»»

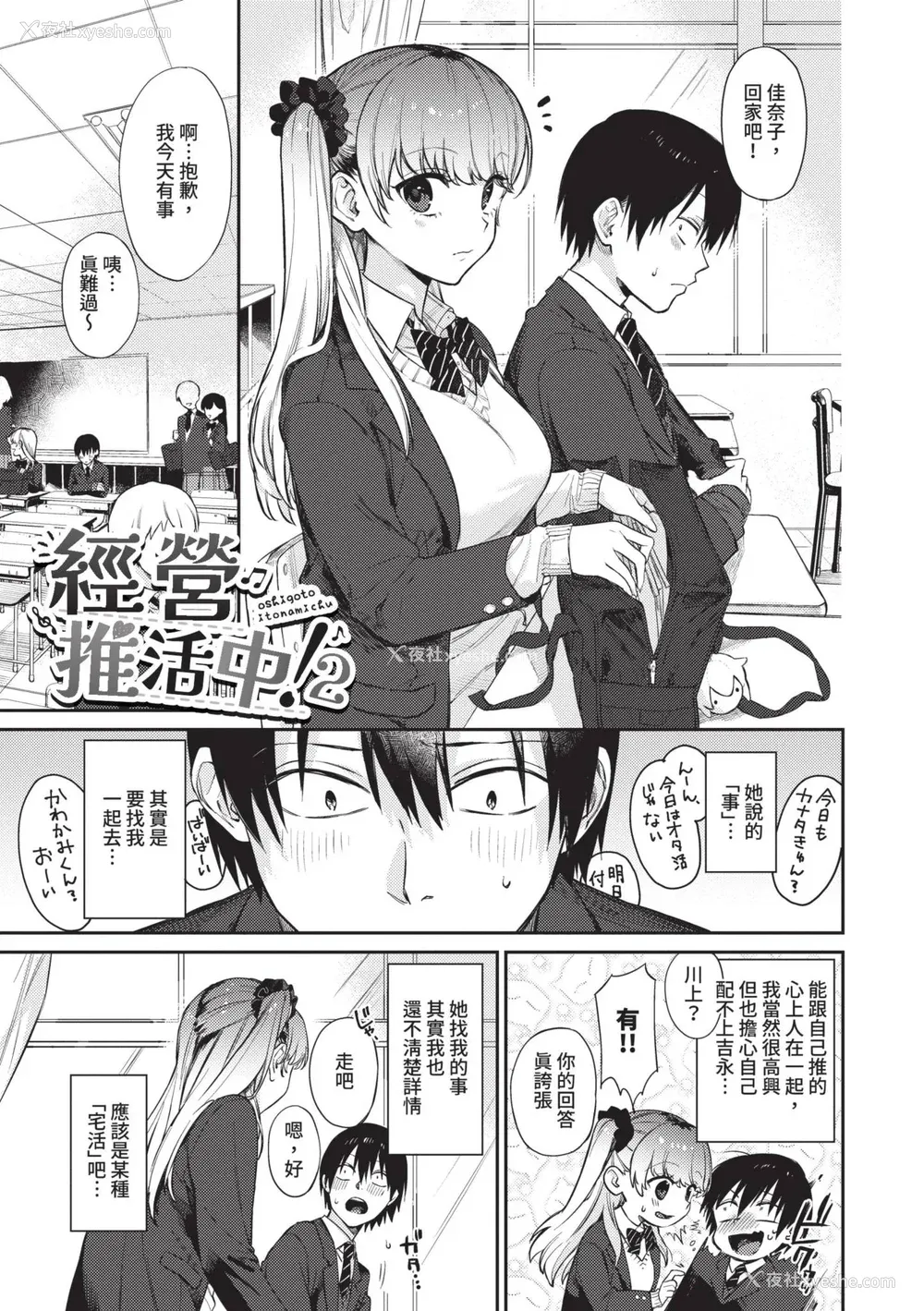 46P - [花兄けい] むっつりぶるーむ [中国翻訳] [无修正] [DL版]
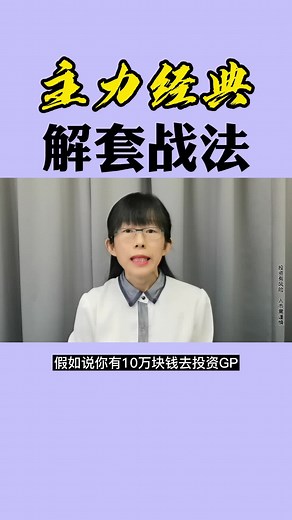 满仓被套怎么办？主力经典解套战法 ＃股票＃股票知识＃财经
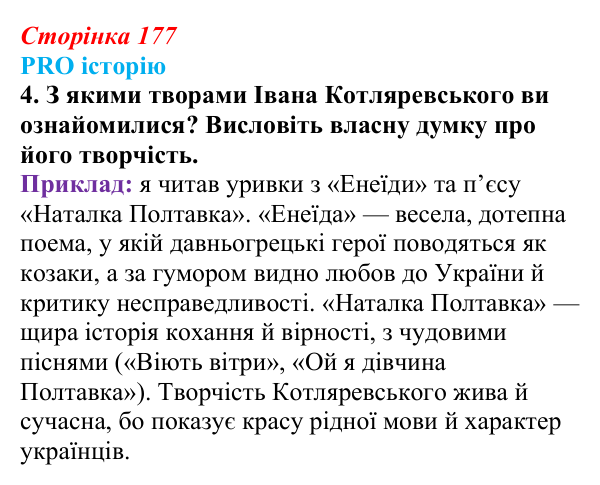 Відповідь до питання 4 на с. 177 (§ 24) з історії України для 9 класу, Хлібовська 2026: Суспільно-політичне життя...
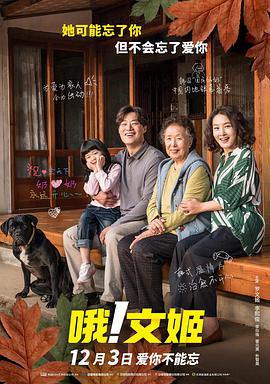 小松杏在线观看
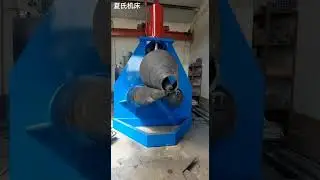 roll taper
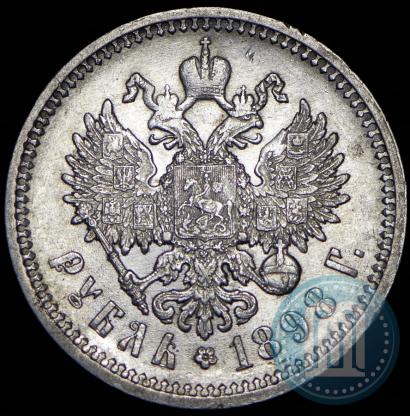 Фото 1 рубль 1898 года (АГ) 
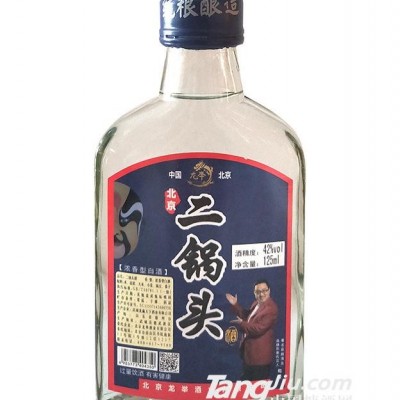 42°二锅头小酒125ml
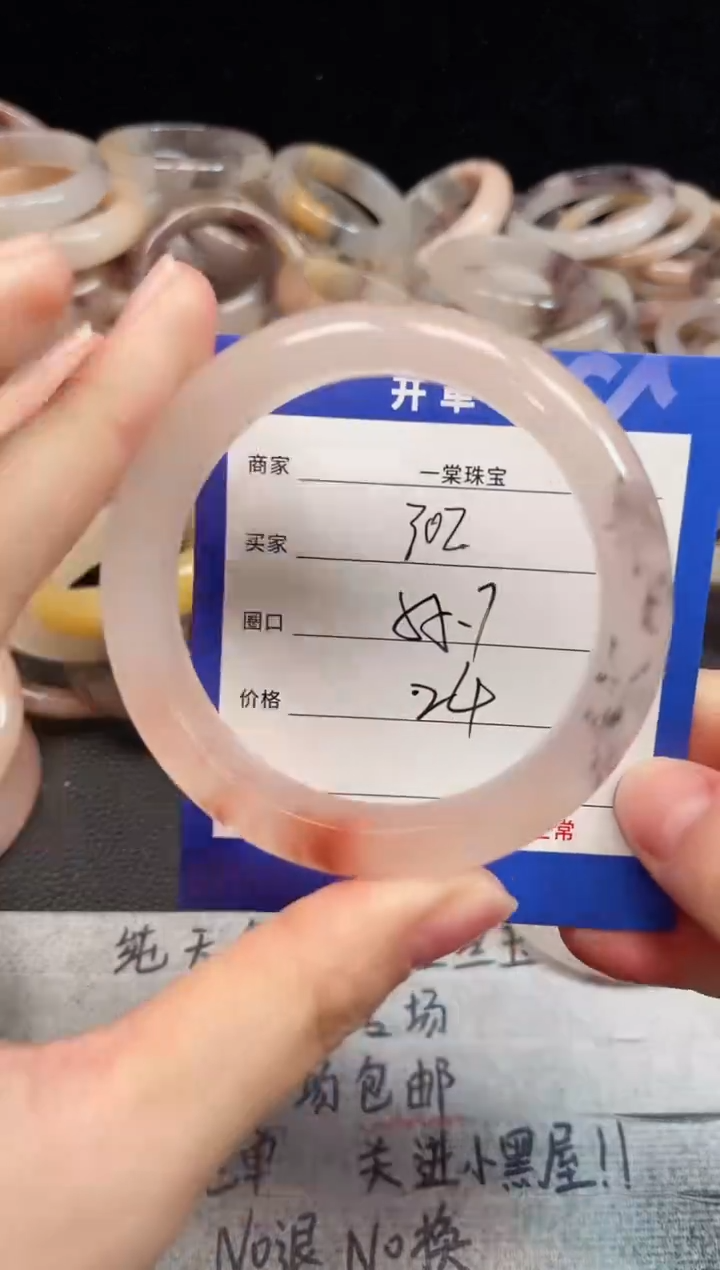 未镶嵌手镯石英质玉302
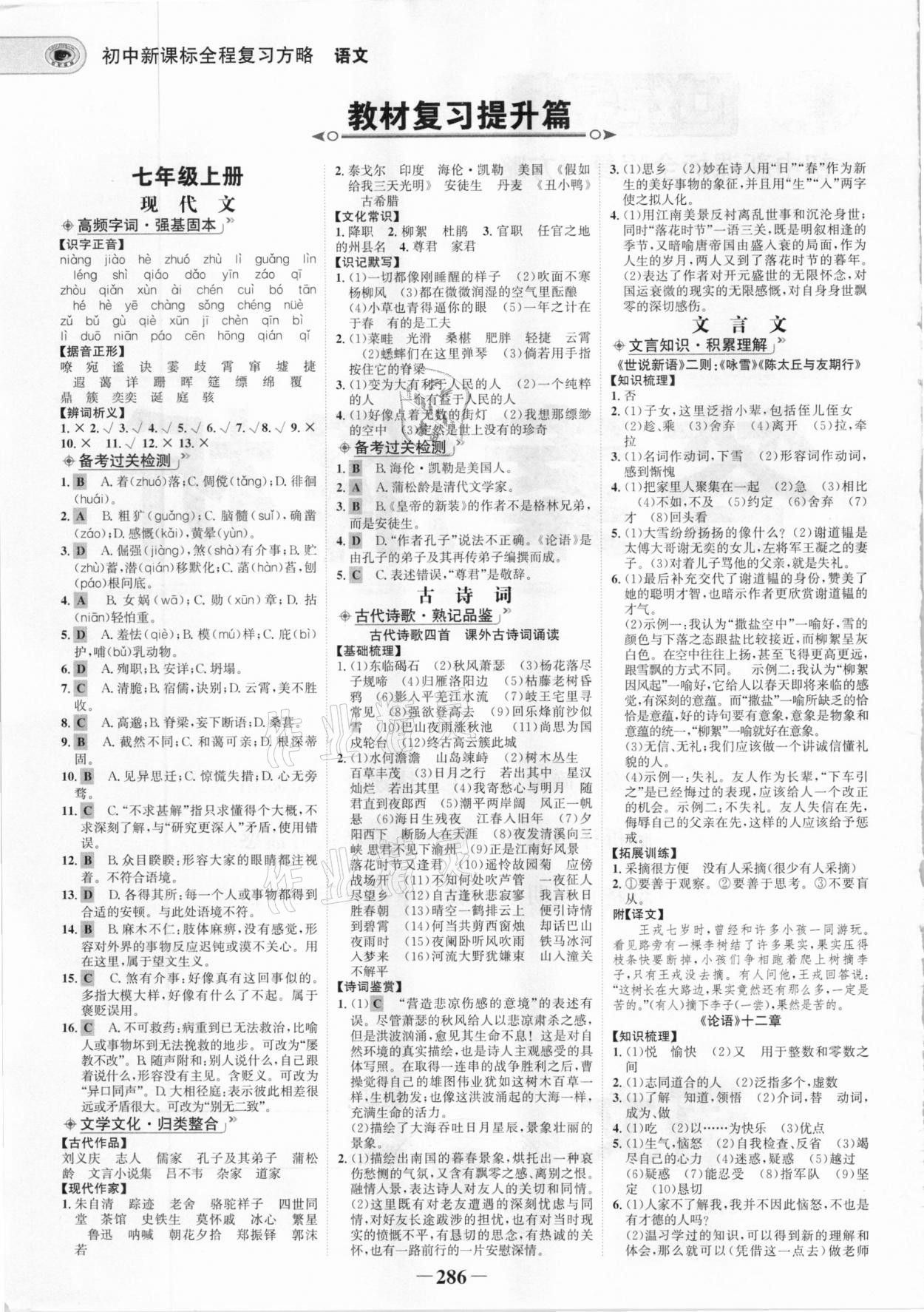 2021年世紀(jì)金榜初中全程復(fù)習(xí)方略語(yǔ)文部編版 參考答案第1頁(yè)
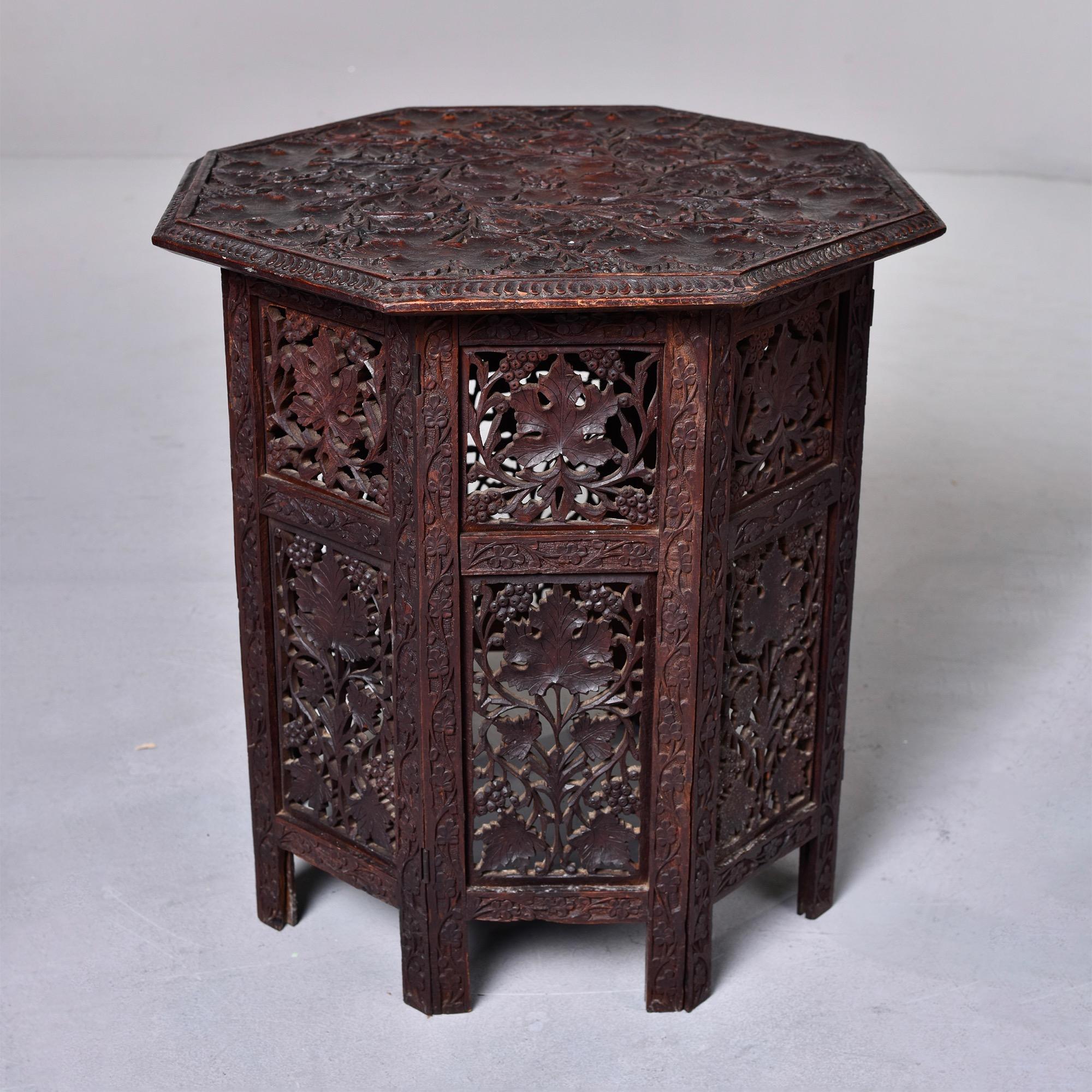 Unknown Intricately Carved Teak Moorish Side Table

««

WHAT YOU NEED TO DO => Output all the entries exactly, minus any pictures.

ANSWER FOR THE TASK =>
 46P - [花兄けい] むっつりぶるーむ [中国翻訳] [无修正] [DL版]
 满仓被套怎么办？主力经典解套战法 ＃股票＃股票知识＃财经
 Відповідь до питання 4 на с. 177 (§ 24) з історії України для 9 класу, Хлібовська 2026: Суспільно-політичне життя...
 小松杏在线观看
 roll taper
 Фото 1 рубль 1898 года (АГ) 
 42°二锅头小酒125ml
 未镶嵌手镯石英质玉302
 2021年世紀(jì)金榜初中全程復(fù)習(xí)方略語(yǔ)文部編版 參考答案第1頁(yè)
 Unknown Intricately Carved Teak Moorish Side Table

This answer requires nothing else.